ST. PETERSBURG, December 4 (RAPSI) – Russia’s highest court has ruled that a controversial law banning “gay propaganda” is not in breach of the Constitution.

The Constitutional Court dismissed a complaint from Nikolai Alexeyev, a leading gay rights campaigner, that St. Petersburg city council had acted unconstitutionally by passing legislation to ban the promotion of homosexuality among minors.

The law, which came into effect in March 2012, allows for fines of up to 5,000 rubles ($150) for individuals and up to 500,000 rubles ($15,000) for organisations. A similar federal law banning the promotion of “non-traditional sexual relationships” among minors took effect in June this year.

The legislation has been sharply criticized as discriminatory by human rights activists in Russia and abroad, with some campaigners calling for a boycott of next February’s Winter Olympics in Sochi in protest. World leaders including US President Barack Obama and Britain’s Prime Minister David Cameron have also condemned it.

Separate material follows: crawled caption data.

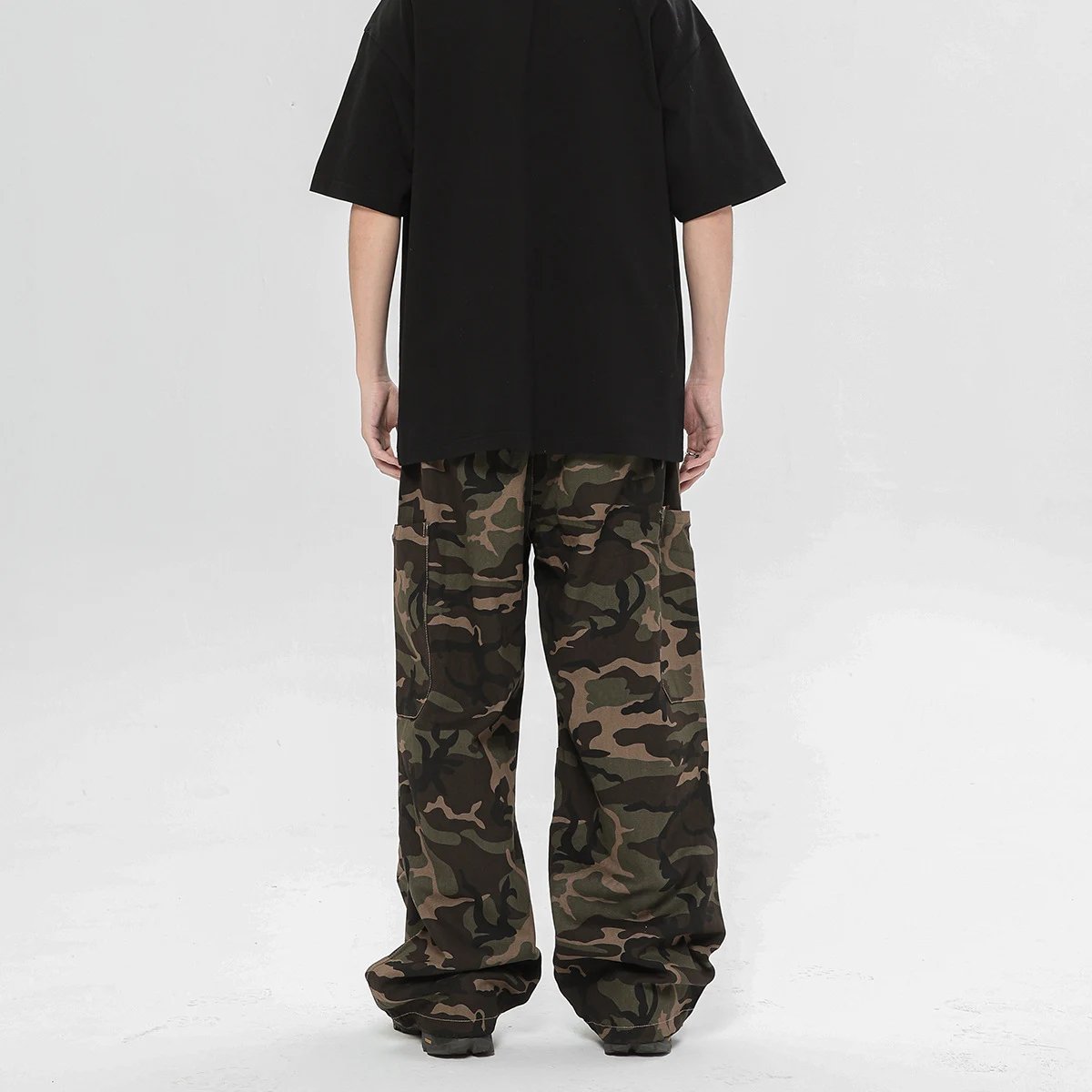 Pantalones cargo camuflaje para exteriores con ajuste de forma en las piernas y diseño adaptable para actividades al aire libre. — foto 8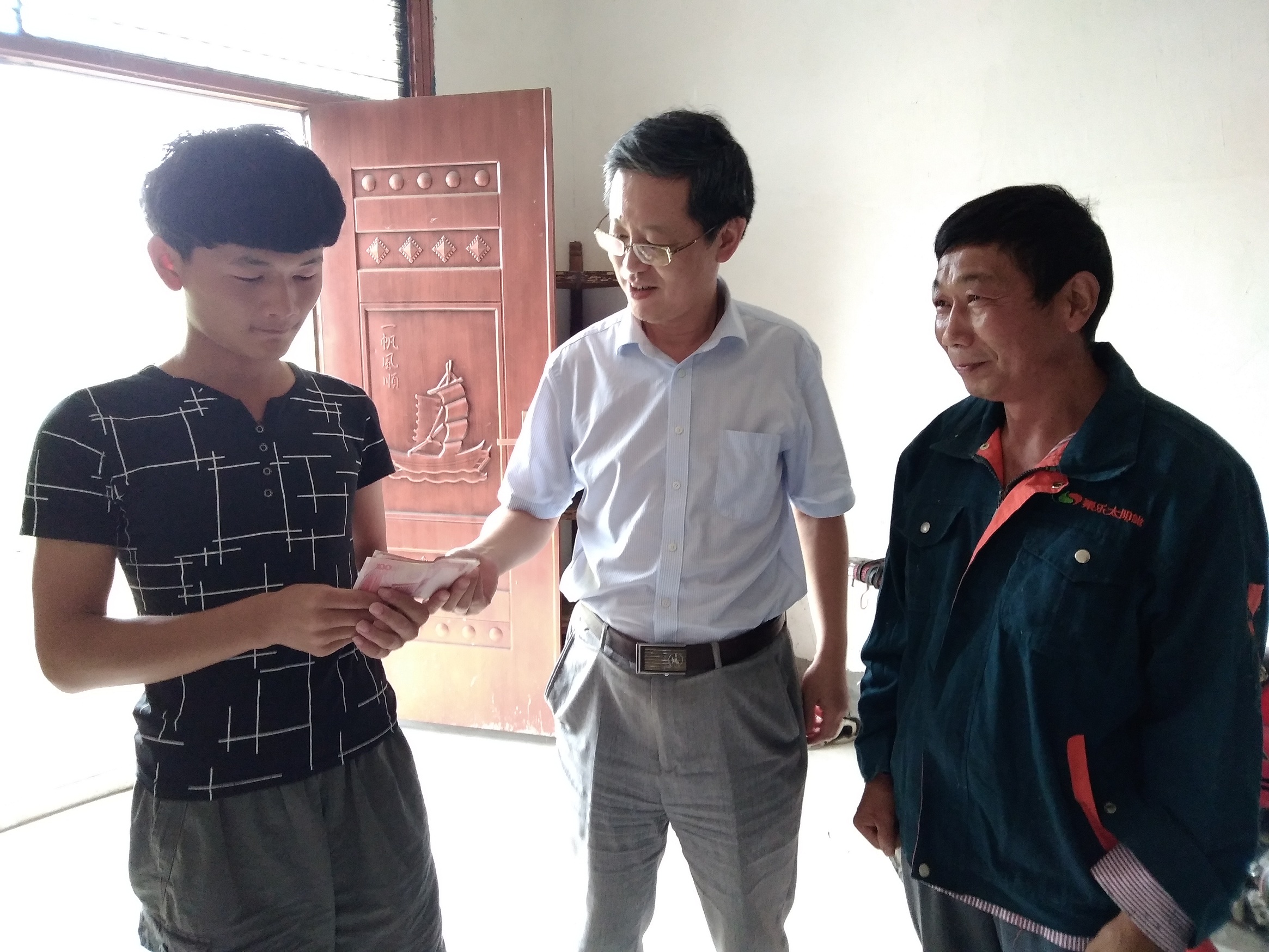 �������Ҧ�۸��ֳ����忴��ƶ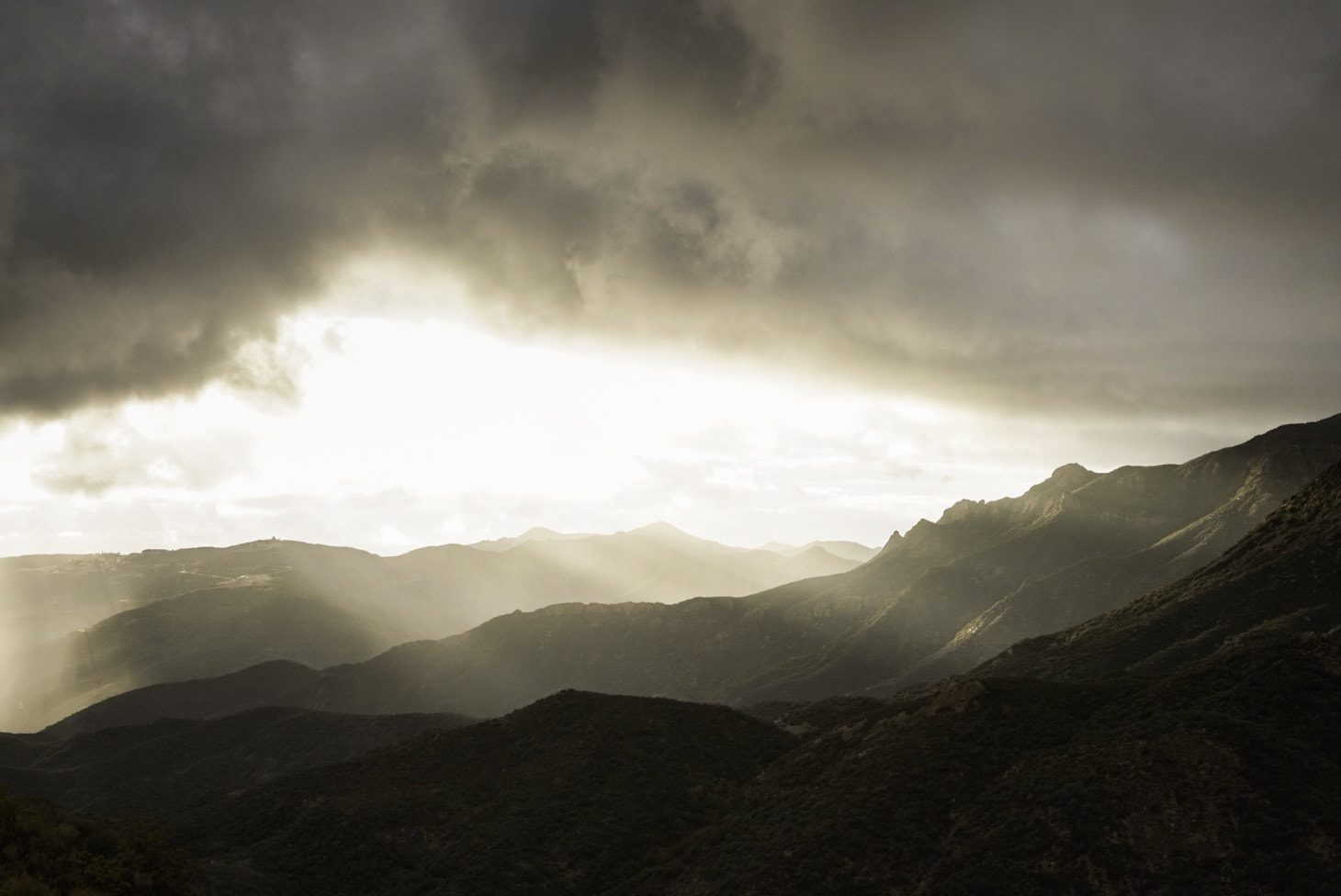 Canon EF 24-70mm F2.8L USM sample photo. Storm clouds in southern california photography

The Kremlin maintains that the law aims to protect children and does not prevent adults from making their own choices. President Vladimir Putin has insisted that there will be no “discrimination against people on any basis whatsoever” at the Games.

The Constitutional Court’s ruling followed a fine imposed on Alexeyev by a city court in St. Petersburg in May 2012 for holding up a poster of a quote by a famous Soviet-era actress Faina Ranevskaya. It read: “Homosexuality is not a perversion, unlike grass hockey or ice ballet.”

Alexeyev had asked the court to rule that the law was based on prejudice and permitted discrimination against people based on their sexual orientation. But the judges concluded that the Constitution obliged the State to protect motherhood, childhood and family.

Legislators therefore had a duty to “take measures to protect children from information, propaganda and campaigns that can harm their health and moral and spiritual development”. The court ruled that the law against gay propaganda was such a measure, arguing that the exercise of civil rights and freedoms could not be permitted at the cost of other people’s rights.

It also dismissed Alexeyev’s complaint that the law was discriminatory, saying the ban applied equally to gay and heterosexual people and did not discrimate on grounds of sexual orientation. The court’s ruling was made on October 24, but released publicly on Tuesday.

In a separate case, a court in the northern city of Murmansk fined Alexeyev and fellow activist Yarosvlav Yevtushenko 4,000 rubles each on Tuesday. The GayRussia campaign website said that the two men had been convicted under the gay propaganda law for holding up banners outside a children’s library that read “gay propaganda doesn’t exist. People don’t become gay, people are born gay”.